Ptenb Mediates Gastrulation Cell Movements via Cdc42/AKT1 in Zebrafish
- Authors
- Yeh, C.M., Liu, Y.C., Chang, C.J., Lai, S.L., Hsiao, C.D., and Lee, S.J.
- ID
- ZDB-PUB-110518-6
- Date
- 2011
- Source
- PLoS One 6(4): e18702 (Journal)
- Registered Authors
- Hsiao, Chung-Der, Lai, Shih-Lei (Ben), Lee, Shyh-Jye, Yeh, Chen-Min
- Keywords
- Embryos, Zebrafish, Somites, Cell movement, Actin polymerization, Cell migration, Cell transplantation, Kinase inhibitors
- MeSH Terms
-
- Actins/metabolism
- Animals
- Cell Movement/drug effects
- Embryo, Nonmammalian/cytology
- Embryo, Nonmammalian/drug effects
- Embryo, Nonmammalian/enzymology
- Embryonic Development/drug effects
- Enzyme Activation/drug effects
- Gastrulation*/drug effects
- Gene Knockdown Techniques
- Genes, Dominant/genetics
- Humans
- Models, Biological
- Oligonucleotides, Antisense/pharmacology
- Phosphatidylinositol 3-Kinases/antagonists & inhibitors
- Phosphatidylinositol 3-Kinases/metabolism
- Phosphoprotein Phosphatases/deficiency
- Phosphoprotein Phosphatases/metabolism*
- Polymerization/drug effects
- Protein Biosynthesis/drug effects
- Proto-Oncogene Proteins c-akt/metabolism*
- Signal Transduction/drug effects
- Zebrafish/embryology*
- Zebrafish/metabolism*
- Zebrafish Proteins/deficiency
- Zebrafish Proteins/metabolism*
- cdc42 GTP-Binding Protein/metabolism*
- PubMed
- 21494560 Full text @ PLoS One
Phosphatidylinositol 3-kinase (PI3 kinase) mediates gastrulation cell migration in zebrafish via its regulation of PIP2/PIP3 balance. Although PI3 kinase counter enzyme PTEN has also been reported to be essential for gastrulation, its role in zebrafish gastrulation has been controversial due to the lack of gastrulation defects in pten-null mutants. To clarify this issue, we knocked down a pten isoform, ptenb by using anti-sense morpholino oligos (MOs) in zebrafish embryos and found that ptenb MOs inhibit convergent extension by affecting cell motility and protrusion during gastrulation. The ptenb MO-induced convergence defect could be rescued by a PI3-kinase inhibitor, LY294002 and by overexpressing dominant negative Cdc42. Overexpression of human constitutively active akt1 showed similar convergent extension defects in zebrafish embryos.
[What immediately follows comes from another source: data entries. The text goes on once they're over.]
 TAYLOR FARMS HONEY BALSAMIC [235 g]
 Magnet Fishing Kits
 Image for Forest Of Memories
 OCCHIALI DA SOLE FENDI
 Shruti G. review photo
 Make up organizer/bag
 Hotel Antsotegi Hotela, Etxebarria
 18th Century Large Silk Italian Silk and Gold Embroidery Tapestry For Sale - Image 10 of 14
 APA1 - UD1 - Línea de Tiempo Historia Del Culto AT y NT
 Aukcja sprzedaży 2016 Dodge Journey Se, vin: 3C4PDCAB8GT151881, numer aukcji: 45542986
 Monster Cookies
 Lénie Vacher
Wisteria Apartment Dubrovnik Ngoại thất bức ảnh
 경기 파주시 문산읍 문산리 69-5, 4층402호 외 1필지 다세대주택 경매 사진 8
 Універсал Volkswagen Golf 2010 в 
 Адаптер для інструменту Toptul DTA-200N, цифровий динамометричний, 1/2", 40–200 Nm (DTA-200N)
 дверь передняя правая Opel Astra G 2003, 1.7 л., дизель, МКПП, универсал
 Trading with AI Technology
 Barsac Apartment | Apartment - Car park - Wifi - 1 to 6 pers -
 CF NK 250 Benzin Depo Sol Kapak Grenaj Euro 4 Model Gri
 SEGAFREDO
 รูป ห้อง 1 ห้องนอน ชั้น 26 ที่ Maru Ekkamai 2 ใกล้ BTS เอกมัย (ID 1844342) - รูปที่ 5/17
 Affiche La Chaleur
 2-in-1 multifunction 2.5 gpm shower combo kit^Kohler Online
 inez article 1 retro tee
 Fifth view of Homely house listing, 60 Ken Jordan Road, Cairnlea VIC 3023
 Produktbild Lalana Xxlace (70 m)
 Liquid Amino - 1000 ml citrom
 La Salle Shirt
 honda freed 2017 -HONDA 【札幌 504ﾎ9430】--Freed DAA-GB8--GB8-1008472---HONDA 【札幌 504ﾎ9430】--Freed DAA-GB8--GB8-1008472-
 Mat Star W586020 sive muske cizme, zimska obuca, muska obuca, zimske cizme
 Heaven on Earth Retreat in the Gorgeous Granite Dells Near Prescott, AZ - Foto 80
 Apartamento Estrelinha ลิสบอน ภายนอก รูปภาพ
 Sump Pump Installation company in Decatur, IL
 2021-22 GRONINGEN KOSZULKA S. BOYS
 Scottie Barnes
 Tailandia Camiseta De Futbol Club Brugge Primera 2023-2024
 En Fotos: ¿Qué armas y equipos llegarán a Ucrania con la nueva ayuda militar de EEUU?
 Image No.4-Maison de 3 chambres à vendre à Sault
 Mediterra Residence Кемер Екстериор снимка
We also observed a clear enhancement of actin polymerization in ptenb morphants under cofocal microscopy and in actin polymerization assay. These results suggest that Ptenb by antagonizing PI3 kinase and its downstream Akt1 and Cdc42 to regulate actin polymerization that is critical for proper cell motility and migration control during gastrulation in zebrafish.